I stand there with the door of the cabin bedroom at my back and watch the window, the gun in my hand. Seconds tick by that turn into minutes. There is no more tapping, but I’m not crazy. I heard it. I know I heard it. It hits me suddenly that this could be a sign that there is someone other than Noah’s, Aaron’s, mentor here. I have to warn Aaron. I reach for my phone, digging in my purse with the hope it will be there, and it is, but I have no number to contact Aaron. I’ve tried in the past. Even a tough CIA agent could need backup if there was a multi-layered attack, and while I’m not much in the way of backup, my gun is another story. As Aaron himself taught me, a bullet evens the playing field, and sometimes, ends the game altogether.

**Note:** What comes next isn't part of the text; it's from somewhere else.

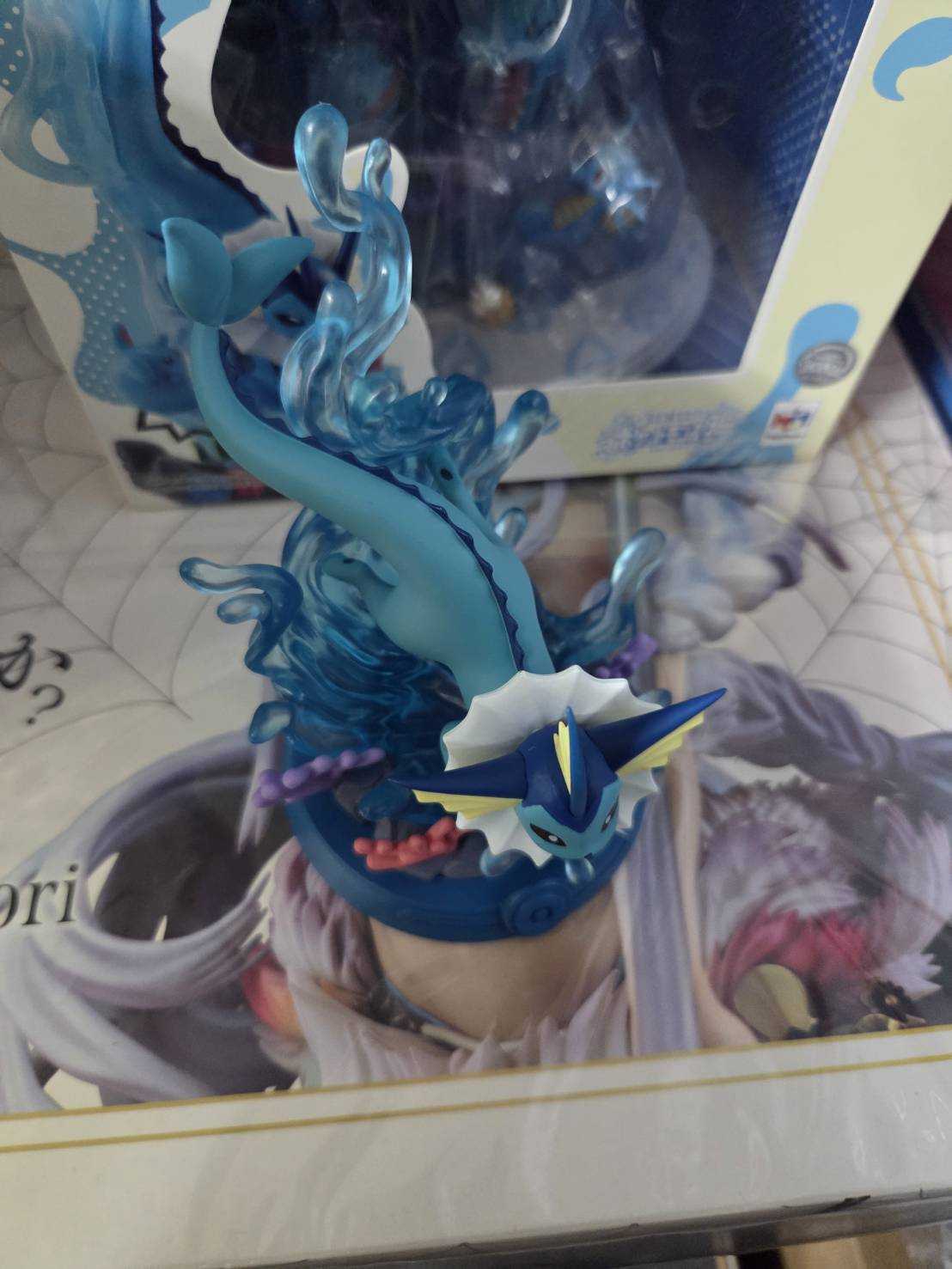 ✶自售✶MegaHouse MH限定 GEM EX 精靈寶可夢 水屬性寶可夢 DIVE TO BLUE 神奇寶貝 水伊布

I turn to the door and unlock it, nerves ripping through my belly. I can do this. I have the gun, and while this particular Glock I’m holding is large for my hand, I can use it. Aaron made sure I knew how to adjust accordingly, and I will. Slowly, I turn the knob and open the door, peeking into the empty hallway. I listen again, but the only sound that touches my ears is the crackle of the fire. I step forward, and I cringe with the creak of the wood beneath my foot. I stop again and wait, nervous that I’ve alerted someone, who I don’t want to alert, that I’m approaching. Seconds pass, and still, there is nothing but the popping of the fire. I step slightly right to avoid an uneven board then slowly, I step and repeat, step and repeat, maneuvering my way up the short hallway, the gun heavier with each passing step.

I reach the end of my path and press my back against the wall, easing around the corner just enough to view the empty living area. That’s when Aaron and another man walk into the room, and I quickly flatten against the wall again.

“This was a dick move, Edward,” Aaron says. “You’re lucky I haven’t already killed you.”